## EXERCISE
Write out, from the entries below, exactly the lines that run between the lines holding "Try it yourself" and "And we do have", inclusive, and stop there.

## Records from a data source
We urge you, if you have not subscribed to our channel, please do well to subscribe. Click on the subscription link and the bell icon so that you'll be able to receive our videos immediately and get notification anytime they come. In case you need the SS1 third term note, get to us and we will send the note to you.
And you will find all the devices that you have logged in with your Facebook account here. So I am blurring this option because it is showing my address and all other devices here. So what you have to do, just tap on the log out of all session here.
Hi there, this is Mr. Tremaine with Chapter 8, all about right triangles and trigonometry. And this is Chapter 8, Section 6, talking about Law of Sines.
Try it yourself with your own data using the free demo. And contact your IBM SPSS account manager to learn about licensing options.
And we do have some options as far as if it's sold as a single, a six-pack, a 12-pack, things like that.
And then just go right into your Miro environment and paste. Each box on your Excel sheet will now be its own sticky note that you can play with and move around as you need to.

...

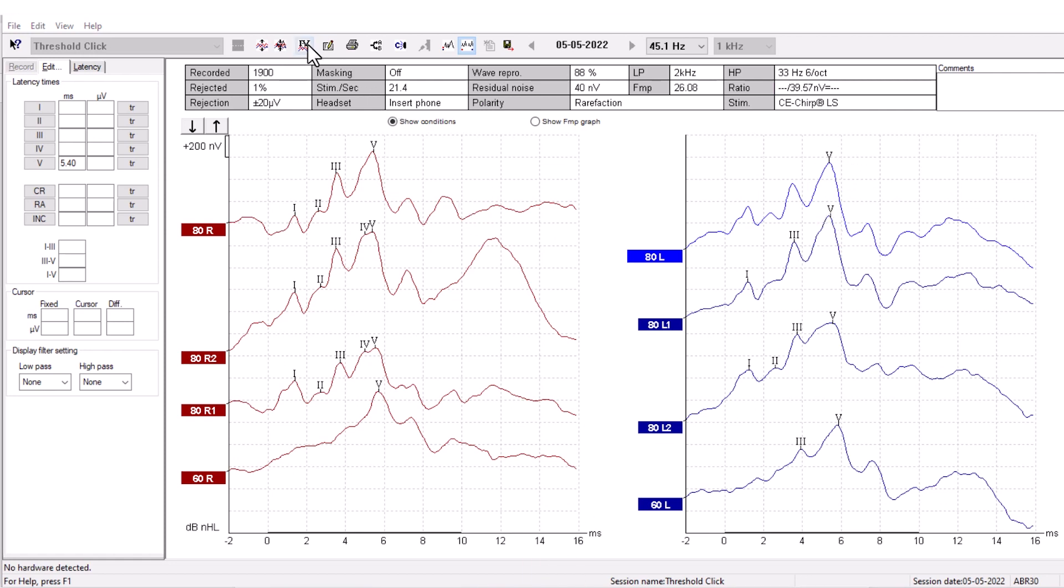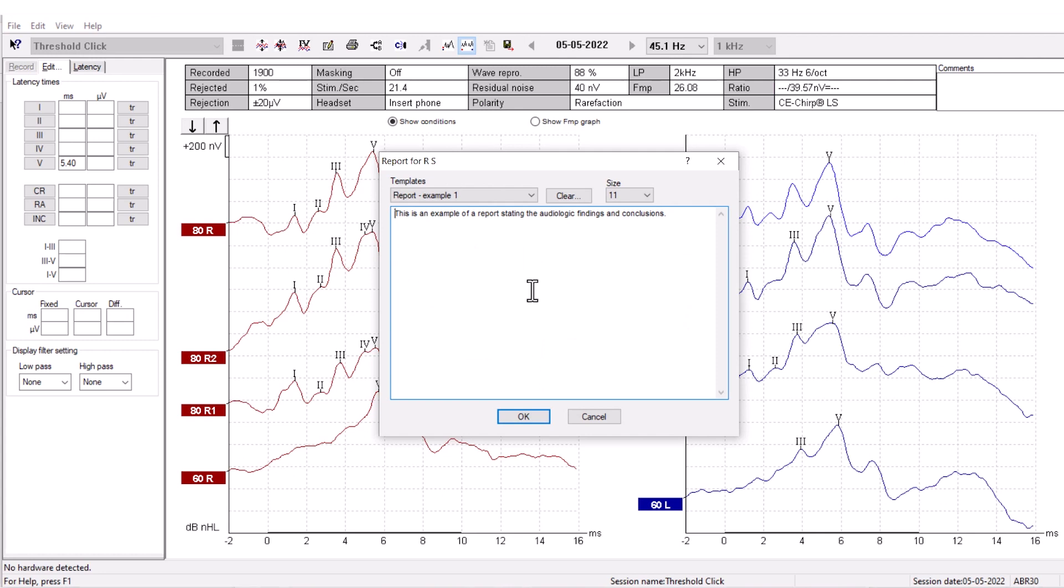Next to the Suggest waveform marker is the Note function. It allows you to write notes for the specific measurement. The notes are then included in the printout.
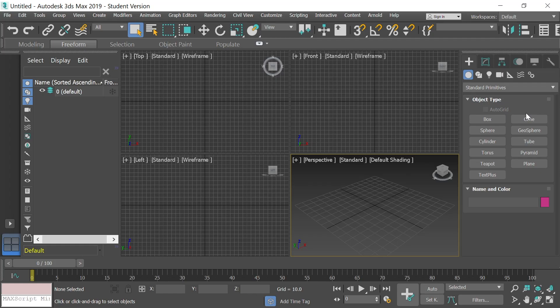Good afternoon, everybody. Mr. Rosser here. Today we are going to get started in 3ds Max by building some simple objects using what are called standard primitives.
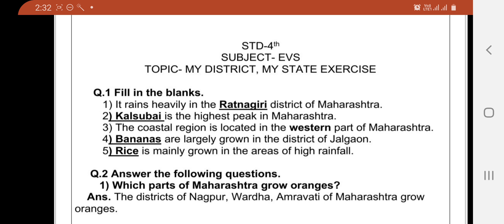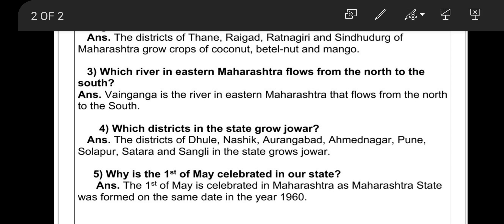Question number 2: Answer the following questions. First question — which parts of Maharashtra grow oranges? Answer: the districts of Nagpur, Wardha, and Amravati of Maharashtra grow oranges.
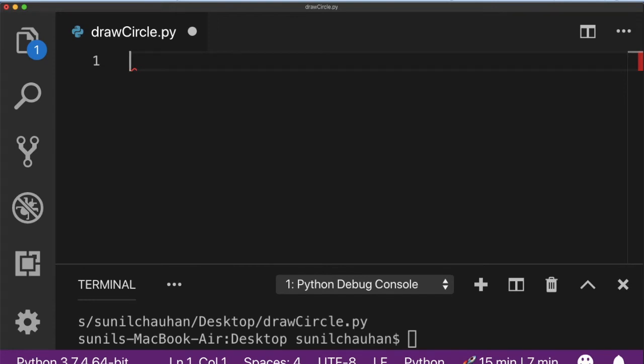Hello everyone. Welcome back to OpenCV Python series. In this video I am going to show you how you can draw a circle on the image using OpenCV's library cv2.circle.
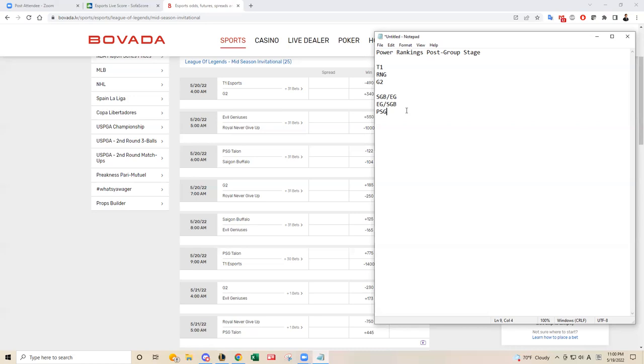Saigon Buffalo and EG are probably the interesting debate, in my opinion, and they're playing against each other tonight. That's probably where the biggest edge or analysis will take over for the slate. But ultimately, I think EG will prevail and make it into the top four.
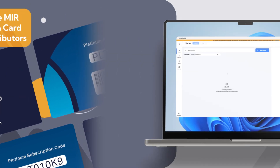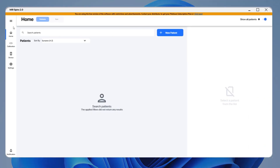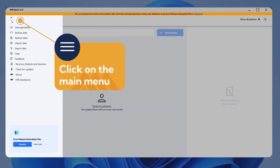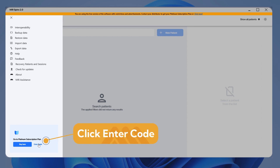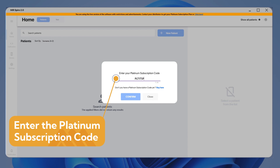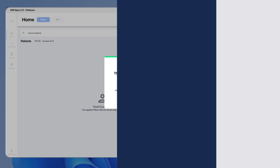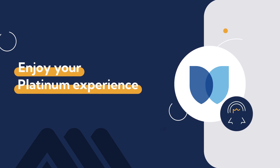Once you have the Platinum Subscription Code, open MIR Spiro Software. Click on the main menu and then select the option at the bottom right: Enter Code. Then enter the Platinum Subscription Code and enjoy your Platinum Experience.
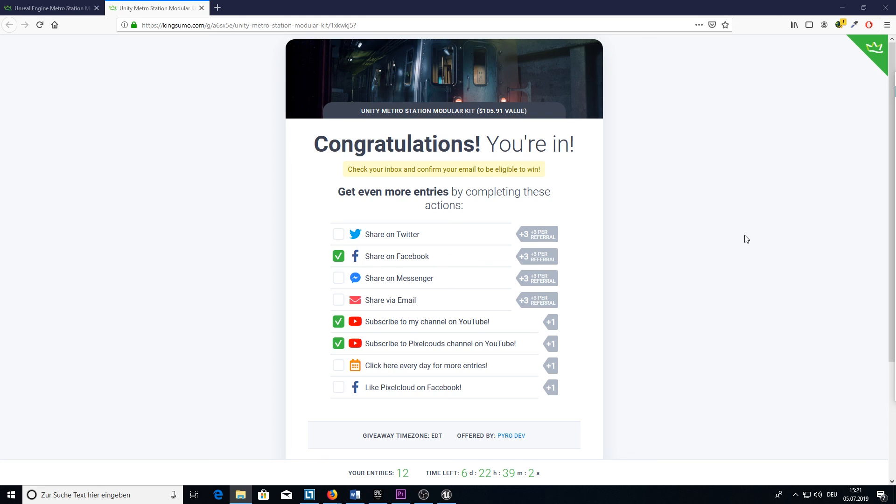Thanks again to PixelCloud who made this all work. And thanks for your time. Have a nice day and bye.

## YOUR SOLUTION
Try it yourself with your own data using the free demo. And contact your IBM SPSS account manager to learn about licensing options.
And we do have some options as far as if it's sold as a single, a six-pack, a 12-pack, things like that.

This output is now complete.